Note: interaction ls auto-chunks date ranges > 1 year into API-compatible segments. For multi-year queries, dates are split transparently.
Pagination and resume¶
Some commands include resume tokens in meta.pagination.
meta.paginationis keyed by section name.- Resume cursor:
meta.pagination.<section>.nextCursor(resume with--cursor <cursor>) - Treat cursors as opaque strings (some may look like URLs); don't parse them.
Note: interaction ls does not use pagination cursors. Instead, it auto-fetches all results within the specified date range, chunking as needed for ranges > 1 year.
Example (person list with query):
xaffinity person ls --query "alice" --json | jq -r '.meta.pagination.persons.nextCursor'
xaffinity person ls --query "alice" --cursor "$CURSOR" --json
Example (list inventory):
xaffinity list ls --json | jq -r '.meta.pagination.lists.nextCursor'
xaffinity list ls --cursor "$CURSOR" --json
Note: if you use --max-results and it truncates results mid-page, the CLI may omit pagination to avoid producing an unsafe resume token.
CSV Output¶
The --csv flag outputs CSV to stdout, making it composable with UNIX tools:
# Save to file
xaffinity list export 123 --csv > out.csv
# Pipe to other tools
xaffinity person ls --all --csv | wc -l
xaffinity list export 123 --csv | head -10
Note: --csv and --json are mutually exclusive.
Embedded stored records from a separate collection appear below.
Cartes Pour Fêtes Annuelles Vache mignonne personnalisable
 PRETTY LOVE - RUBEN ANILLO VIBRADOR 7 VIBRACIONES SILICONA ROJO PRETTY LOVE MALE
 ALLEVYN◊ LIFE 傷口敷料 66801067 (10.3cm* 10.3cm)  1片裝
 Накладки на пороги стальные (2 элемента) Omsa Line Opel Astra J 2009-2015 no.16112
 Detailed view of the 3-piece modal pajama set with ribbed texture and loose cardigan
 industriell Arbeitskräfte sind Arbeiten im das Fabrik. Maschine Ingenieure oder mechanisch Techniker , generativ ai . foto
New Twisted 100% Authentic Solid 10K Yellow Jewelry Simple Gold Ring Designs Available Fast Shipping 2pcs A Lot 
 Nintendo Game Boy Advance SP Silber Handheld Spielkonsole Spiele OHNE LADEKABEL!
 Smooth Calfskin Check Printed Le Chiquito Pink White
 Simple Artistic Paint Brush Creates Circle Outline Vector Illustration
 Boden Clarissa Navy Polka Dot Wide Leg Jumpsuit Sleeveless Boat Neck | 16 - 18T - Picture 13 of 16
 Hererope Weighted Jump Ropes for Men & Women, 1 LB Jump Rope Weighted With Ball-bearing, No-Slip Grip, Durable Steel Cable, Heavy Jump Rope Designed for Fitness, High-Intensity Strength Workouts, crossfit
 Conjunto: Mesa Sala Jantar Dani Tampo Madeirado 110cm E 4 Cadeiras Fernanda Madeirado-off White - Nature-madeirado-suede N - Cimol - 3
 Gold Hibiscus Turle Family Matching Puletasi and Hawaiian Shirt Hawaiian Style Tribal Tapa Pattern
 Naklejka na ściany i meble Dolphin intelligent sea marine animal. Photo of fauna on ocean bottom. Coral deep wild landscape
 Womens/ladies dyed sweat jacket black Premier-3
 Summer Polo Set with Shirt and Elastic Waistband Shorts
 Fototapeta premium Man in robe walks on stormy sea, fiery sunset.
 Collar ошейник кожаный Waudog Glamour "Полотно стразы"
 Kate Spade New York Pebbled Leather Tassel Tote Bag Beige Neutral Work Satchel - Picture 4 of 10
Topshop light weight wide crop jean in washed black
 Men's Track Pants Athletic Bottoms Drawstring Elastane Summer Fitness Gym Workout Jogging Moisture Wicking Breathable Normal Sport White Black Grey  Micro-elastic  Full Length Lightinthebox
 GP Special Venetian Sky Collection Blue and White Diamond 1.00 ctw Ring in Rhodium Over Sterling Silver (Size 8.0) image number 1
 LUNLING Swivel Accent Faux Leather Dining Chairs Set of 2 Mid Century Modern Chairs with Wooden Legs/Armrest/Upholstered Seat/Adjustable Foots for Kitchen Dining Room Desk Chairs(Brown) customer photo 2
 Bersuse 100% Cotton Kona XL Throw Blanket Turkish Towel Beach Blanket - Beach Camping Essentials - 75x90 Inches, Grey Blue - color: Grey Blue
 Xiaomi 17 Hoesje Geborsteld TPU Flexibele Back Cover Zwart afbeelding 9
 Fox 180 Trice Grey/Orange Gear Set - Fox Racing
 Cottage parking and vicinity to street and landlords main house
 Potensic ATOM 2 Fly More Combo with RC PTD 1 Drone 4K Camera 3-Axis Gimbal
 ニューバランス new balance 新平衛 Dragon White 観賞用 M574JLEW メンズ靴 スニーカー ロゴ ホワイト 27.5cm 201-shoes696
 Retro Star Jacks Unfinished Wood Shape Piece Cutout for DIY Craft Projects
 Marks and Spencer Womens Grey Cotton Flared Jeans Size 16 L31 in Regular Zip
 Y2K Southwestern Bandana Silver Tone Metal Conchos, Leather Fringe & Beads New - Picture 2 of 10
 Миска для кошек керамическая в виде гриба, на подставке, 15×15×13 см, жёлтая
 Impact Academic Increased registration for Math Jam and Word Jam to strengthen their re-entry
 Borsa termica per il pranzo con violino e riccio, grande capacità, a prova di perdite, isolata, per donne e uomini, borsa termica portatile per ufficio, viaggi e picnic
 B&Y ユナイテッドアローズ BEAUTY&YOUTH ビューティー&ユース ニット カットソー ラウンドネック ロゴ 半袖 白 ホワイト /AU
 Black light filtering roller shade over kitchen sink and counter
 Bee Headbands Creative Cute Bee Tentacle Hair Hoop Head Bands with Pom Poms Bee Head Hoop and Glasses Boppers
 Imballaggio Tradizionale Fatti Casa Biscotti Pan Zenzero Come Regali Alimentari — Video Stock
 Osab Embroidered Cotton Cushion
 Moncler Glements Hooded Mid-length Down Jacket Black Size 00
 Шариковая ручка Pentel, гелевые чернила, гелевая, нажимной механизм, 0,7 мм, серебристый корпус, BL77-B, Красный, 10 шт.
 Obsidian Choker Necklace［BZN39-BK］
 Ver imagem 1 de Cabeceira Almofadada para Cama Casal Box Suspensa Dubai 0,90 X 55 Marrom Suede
Use one or the other.
Machine-Readable Help¶
Use --help --json to get machine-readable command documentation. This is useful for:
- Building automation tools that discover CLI capabilities
- Generating command registries for AI integrations (like MCP servers)
- Validating command arguments programmatically
xaffinity --help --json
Output Format¶
{
"commands": [
{
"name": "person create",
"description": "Create a person.",
"category": "write",
"destructive": false,
"parameters": {
"--first-name": {"type": "string", "required": false},
"--last-name": {"type": "string", "required": false},
"--email": {"type": "string", "required": false, "multiple": true}
},
"positionals": []
},
{
"name": "person delete",
"description": "Delete a person.",
"category": "write",
"destructive": true,
"parameters": {
"--yes": {"type": "flag", "required": false}
},
"positionals": [
{"name": "PERSON_ID", "type": "int", "required": true}
]
}
]
}
Command Metadata¶
| Field | Description |
|---|---|
name |
Full command path (e.g., "person create", "list entry add") |
description |
Human-readable description |
category |
"read", "write", or "local" (no-network) |
destructive |
true for delete commands |
parameters |
Named options with type info |
positionals |
Positional arguments with type info |
Parameter Types¶
| Type | Description |
|---|---|
string |
Text value |
int |
Integer value |
flag |
Boolean flag (no value) |
choice |
One of allowed values (see choices array) |
Parameters with "multiple": true can be specified multiple times.